Önümüzde ciddi bir işsizlik dalgası var. Gıda maddesi ithalatında sıkıntı bekleniyor. Ülkeler kendine yetmek zorunda kalabilir. Öncelikle tarım ve gıdada uluslararası kartellerin baskısı ile tüm partilerin desteğiyle geçmiş bir tohum yasası var. Bu artık değişmeli ve milli, yerel, ata tohumları çiftçiler ve köylüler arasında alınıp satılabilmeli ve teşviklerden faydalanmalıdır. Enerji sektöründe çatı bazlı kendine yeten binalar ve enerji saklama sistemleri üretimi, yerli arabaya eş zamanlı ilerlemeli vs. çok projeler var.
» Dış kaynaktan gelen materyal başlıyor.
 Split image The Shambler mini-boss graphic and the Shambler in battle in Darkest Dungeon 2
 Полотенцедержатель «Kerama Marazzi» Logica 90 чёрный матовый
Aynı zamanda yeni dünya düzeninde yer alabilmek için alınması gereken siyasi kararlar da olacak. Bu kararlar hükümet ve muhalefet ayrışması, günlük rutin siyasi çekişmesi içinde alınamaz. Gün muhalefet ile işbirliği ve fikir birliği yapma günüdür. Milli mutabakat içinde tek ses olunması gereken bir döneme girdik. Artık siyaset üstü, fikir birliği ve uyum içinde hareket edilmesi gereken bir dönemdeyiz. Bu dönem içinde toplumu gerecek, milleti bölecek her türlü hareketten uzak durulması gerekmektedir. Toplum üzerinde baskıyı arttıracak her türlü hareket, yasa teklifleri ve açıklamalar, sosyal patlama bekleyenlerin ekmeğine yağ sürecektir. Batı ülkelerinde karantina sırasında uygulanan baskıyı gördük. Bu baskı kısa bir süre sonra o ülkelerde iktidar yıkımlarına ve ülke bölünmelerine yol açacaktır, hep beraber izleyeceğiz. Baskı ve şiddetin tam tersi yönde sevgi, hoşgörü, demokrasi, birlik ve beraberlik duyguları aşılanmalı. Karşı partileri ve mensuplarını tehdit eden bir yaklaşım içinde olanların geçmişi ve bağlantıları araştırılmalıdır.
Türkiye yeni dünya düzeni içinde güçlü bir biçimde yer alacaksa, bu ancak birlik içinde kollektif bir hareket ve yüksek moral ile sağlanır. Gün siyasi çekişmeleri, partizanlığı, adam kayırmayı bir kenara bırakma günüdür.